● **Problem**
All of the entries below, duplicated exactly, make up the answer.

================================

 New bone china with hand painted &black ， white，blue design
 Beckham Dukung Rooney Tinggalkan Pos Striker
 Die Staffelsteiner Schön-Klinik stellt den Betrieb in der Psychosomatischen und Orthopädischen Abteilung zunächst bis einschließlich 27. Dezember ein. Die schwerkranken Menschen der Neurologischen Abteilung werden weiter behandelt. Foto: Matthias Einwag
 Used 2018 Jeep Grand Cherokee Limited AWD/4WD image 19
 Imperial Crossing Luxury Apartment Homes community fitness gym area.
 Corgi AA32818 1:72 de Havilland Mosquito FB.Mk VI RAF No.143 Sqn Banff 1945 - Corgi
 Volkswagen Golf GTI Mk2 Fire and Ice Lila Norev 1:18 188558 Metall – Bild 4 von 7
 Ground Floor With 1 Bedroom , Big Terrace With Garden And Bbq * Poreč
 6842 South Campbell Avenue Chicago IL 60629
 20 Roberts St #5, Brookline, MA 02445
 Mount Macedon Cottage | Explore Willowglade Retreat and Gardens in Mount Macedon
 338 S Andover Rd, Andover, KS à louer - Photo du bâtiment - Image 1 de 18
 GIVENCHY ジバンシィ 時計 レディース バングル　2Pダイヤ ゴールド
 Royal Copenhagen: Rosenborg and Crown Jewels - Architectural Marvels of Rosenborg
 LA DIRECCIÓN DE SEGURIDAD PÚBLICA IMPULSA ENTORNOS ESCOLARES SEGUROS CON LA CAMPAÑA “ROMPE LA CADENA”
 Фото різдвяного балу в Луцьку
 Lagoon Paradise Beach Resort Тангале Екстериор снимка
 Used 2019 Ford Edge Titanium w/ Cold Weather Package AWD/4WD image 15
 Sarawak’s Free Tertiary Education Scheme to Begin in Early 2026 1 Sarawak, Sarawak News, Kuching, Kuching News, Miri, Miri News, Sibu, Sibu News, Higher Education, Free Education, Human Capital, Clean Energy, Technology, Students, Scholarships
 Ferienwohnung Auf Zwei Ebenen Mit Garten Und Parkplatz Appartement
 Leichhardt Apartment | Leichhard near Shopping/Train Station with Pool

================================

● **Output for this task**
 New bone china with hand painted &black ， white，blue design
 Beckham Dukung Rooney Tinggalkan Pos Striker
 Die Staffelsteiner Schön-Klinik stellt den Betrieb in der Psychosomatischen und Orthopädischen Abteilung zunächst bis einschließlich 27. Dezember ein. Die schwerkranken Menschen der Neurologischen Abteilung werden weiter behandelt. Foto: Matthias Einwag
 Used 2018 Jeep Grand Cherokee Limited AWD/4WD image 19
 Imperial Crossing Luxury Apartment Homes community fitness gym area.
 Corgi AA32818 1:72 de Havilland Mosquito FB.Mk VI RAF No.143 Sqn Banff 1945 - Corgi
 Volkswagen Golf GTI Mk2 Fire and Ice Lila Norev 1:18 188558 Metall – Bild 4 von 7
 Ground Floor With 1 Bedroom , Big Terrace With Garden And Bbq * Poreč
 6842 South Campbell Avenue Chicago IL 60629
 20 Roberts St #5, Brookline, MA 02445
 Mount Macedon Cottage | Explore Willowglade Retreat and Gardens in Mount Macedon
 338 S Andover Rd, Andover, KS à louer - Photo du bâtiment - Image 1 de 18
 GIVENCHY ジバンシィ 時計 レディース バングル　2Pダイヤ ゴールド
 Royal Copenhagen: Rosenborg and Crown Jewels - Architectural Marvels of Rosenborg
 LA DIRECCIÓN DE SEGURIDAD PÚBLICA IMPULSA ENTORNOS ESCOLARES SEGUROS CON LA CAMPAÑA “ROMPE LA CADENA”
 Фото різдвяного балу в Луцьку
 Lagoon Paradise Beach Resort Тангале Екстериор снимка
 Used 2019 Ford Edge Titanium w/ Cold Weather Package AWD/4WD image 15
 Sarawak’s Free Tertiary Education Scheme to Begin in Early 2026 1 Sarawak, Sarawak News, Kuching, Kuching News, Miri, Miri News, Sibu, Sibu News, Higher Education, Free Education, Human Capital, Clean Energy, Technology, Students, Scholarships
 Ferienwohnung Auf Zwei Ebenen Mit Garten Und Parkplatz Appartement
 Leichhardt Apartment | Leichhard near Shopping/Train Station with Pool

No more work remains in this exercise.